When it first started looking like little buddy was going to be staying with us long term, maybe even permanently, we called in the heavy hitters for help to keep our family together. We had made progress in many ways, but the weight of the trauma, emotions and behaviors we were living with day-to-day would not be sustainable long term. Read: we were barely surviving, and knew we couldn’t last as a forever option without some expert help.

In-home counseling began, and I realized I was about to change more than any one else in the family. I had already been humbled a million times over with tantrums in the grocery store, case workers knowing all our drama, and having to say “no” to things I wanted to do simply because I couldn’t leave the helm of the ship for fear of falling off course. It was a heavy load. But letting a complete stranger in to my home for hours each week to analyze our family and figure out how to make it work? Whole ‘notha level of humble. But we were desperate, and willing to try anything at that point, so that superseded any reservations that may have remained regarding my comfort level…

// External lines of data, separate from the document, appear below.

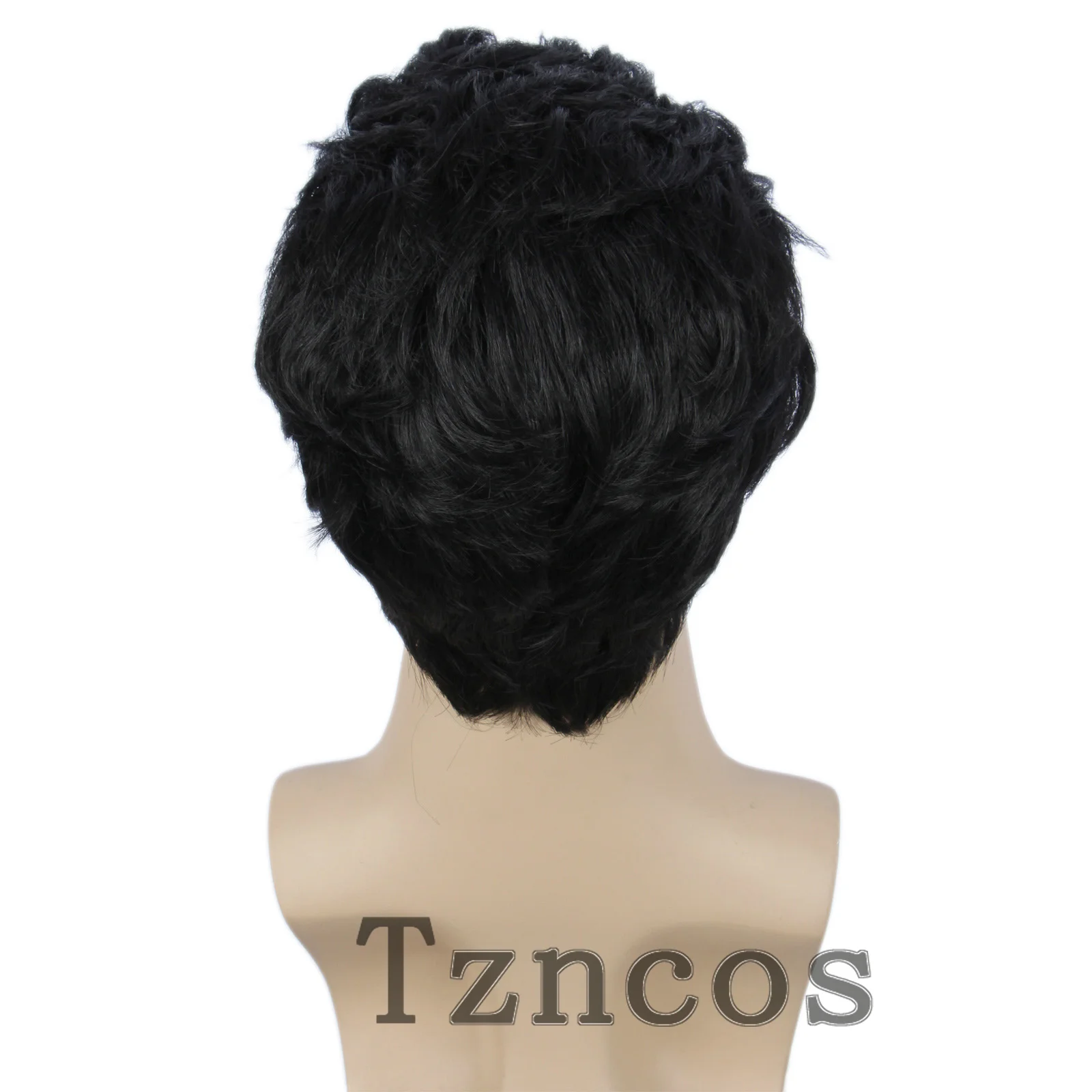 ショート 80 年代コスチューム メンズ ディスコ スタイル ウィッグとひげ ハロウィン コスプレ コスチューム ブラック ウィッグ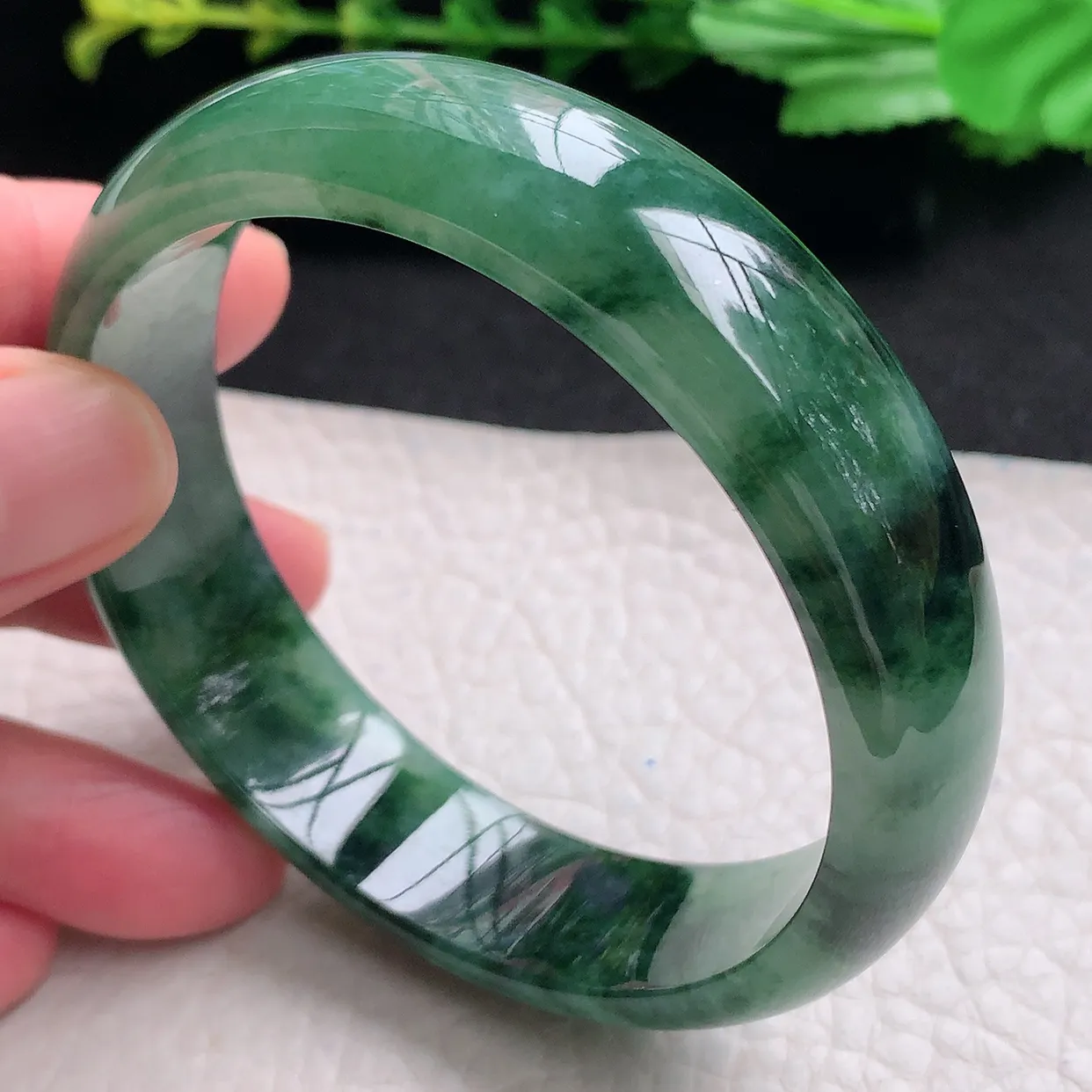 hy自然光58*15*6.6轮胎镯 天然缅甸翡翠a货冰油飘花宽边玉手镯 玉手环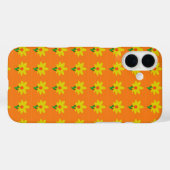 Gele bloemen op Sinaasappel Case-Mate iPhone Case (Achterkant (horizontaal))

She arrived with smiles and compassion, though she was so strong I couldn’t comprehend how she mixed the two traits. Somewhere in between Mary Poppins and the finest drill sergeant, she observed long enough to know where to start: by teaching us how to see through little guy’s eyes.

We had already taken the classes, we had already done all the training. We proudly had the certificates that dubbed us “Therapeutic Foster Parents,” but nothing prepared us for what it’s actually like on the battle ground. Practicing your skills while under fire is very necessary though exhausting. And sometimes, you trip and make a mistake. Or you just run out of endurance. Either way, when you call “Man Down!” and someone shows up on the rescue field, you never forget that face.

We learned how to put the Problem in the middle, not any one of us family members. The problem was not me, or Tim, or one of my kids… the problem was that we needed to understand what language this hurting child was speaking. He literally was delivered to our doorstep from a completely different world. He had only known hunger, fear, fighting and pain from the day he was born. He was now immersed in food, love, kindness and care for the first time… and it was literally scaring him to death. Our world was so foreign, and it did not make sense to him. Put yourself in another world where no one can understand you and you don’t know how to communicate what you need. Let me know your reaction, and I’ll tell you that’s what it looked like here.

Little guy knew anger. That is the only emotion he knew. If he was scared, he got angry. If he got hurt, he got angry. Frustrated? Anger. Tired? You get the picture.